Either an enterprise application that you call via a web service that can run on many instances of a web application server, or run a single instance that are very nicely multithreaded and scale to many CPUs, or deploying loads of different webservices that all talk to each other, often via message queues, until you have something that breaks all the time and requires a huge team of people to maintain. Might as well throw in a load of virtual machines to have a virtualised, scalable, re-deployable web service infrastructure (i.e., loads of tomcats or jbosses in linux VMs ready to deply as needed, one app per VM).
Then there is physical scalability. Is there enough CPU power for your needs? Is there enough bandwidth between physical nodes to send all these messages and SOAP transactions between machines? Is there enough storage? Is the storage available on a fast, low latency interconnect? Is the database nicely fed with CPU power, bandwidth, a disc system that doesn't lag. Is there a database backup. How about when a single machine can't handle the load of a particular function - then you need load balancers, although these are good for redundancy and software updates whilst remaining live as well.

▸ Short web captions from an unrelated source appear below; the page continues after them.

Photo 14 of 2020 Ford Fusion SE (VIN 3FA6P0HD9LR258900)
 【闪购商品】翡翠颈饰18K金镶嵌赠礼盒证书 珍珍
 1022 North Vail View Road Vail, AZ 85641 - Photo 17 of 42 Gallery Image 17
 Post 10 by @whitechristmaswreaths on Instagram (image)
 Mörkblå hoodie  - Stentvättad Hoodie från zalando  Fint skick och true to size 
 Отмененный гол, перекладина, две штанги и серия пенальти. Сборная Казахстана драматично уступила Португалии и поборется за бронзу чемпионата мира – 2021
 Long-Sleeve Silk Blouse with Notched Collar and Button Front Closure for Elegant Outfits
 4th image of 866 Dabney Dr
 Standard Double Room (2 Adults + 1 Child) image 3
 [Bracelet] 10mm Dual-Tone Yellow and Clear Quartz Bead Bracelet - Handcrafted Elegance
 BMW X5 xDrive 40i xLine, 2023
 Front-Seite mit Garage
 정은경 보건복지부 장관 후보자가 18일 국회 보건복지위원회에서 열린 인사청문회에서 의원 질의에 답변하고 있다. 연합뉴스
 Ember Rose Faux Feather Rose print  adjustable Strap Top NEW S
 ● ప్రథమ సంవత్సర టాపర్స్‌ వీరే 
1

Is there a site backup? Or are you scaling globally - will there be multiple data centres around the globe? Do you have redundant links to the internet from each data centre? What happens when a site goes down? How is data replicated between sites, to reduce inter-site communications, and how do these data caches and pushes work?
And so on and so forth. But your client probably just wants a web service that can be load balanced without thrashing (i.e., two or more instances can share data/sessions/etc, depends on the application really), with easy database configuration and backup. Ease of deployment is desirable, so make the install simple. Or even provide a Linux VM for them to add to their VM infrastructure. Talk to their sysadmin to see what they currently do.
This phrase is often used as a marketing term from companies who sell some part of what they'll call a "scalable web services infrastructure".
Try to find out from the client exactly what they need. Do they have existing web services? Do they have existing business logic they've decided to expose as web services? Do they have customers who are asking to be able to access your client's systems through web services?
Does your client even know what a web service is?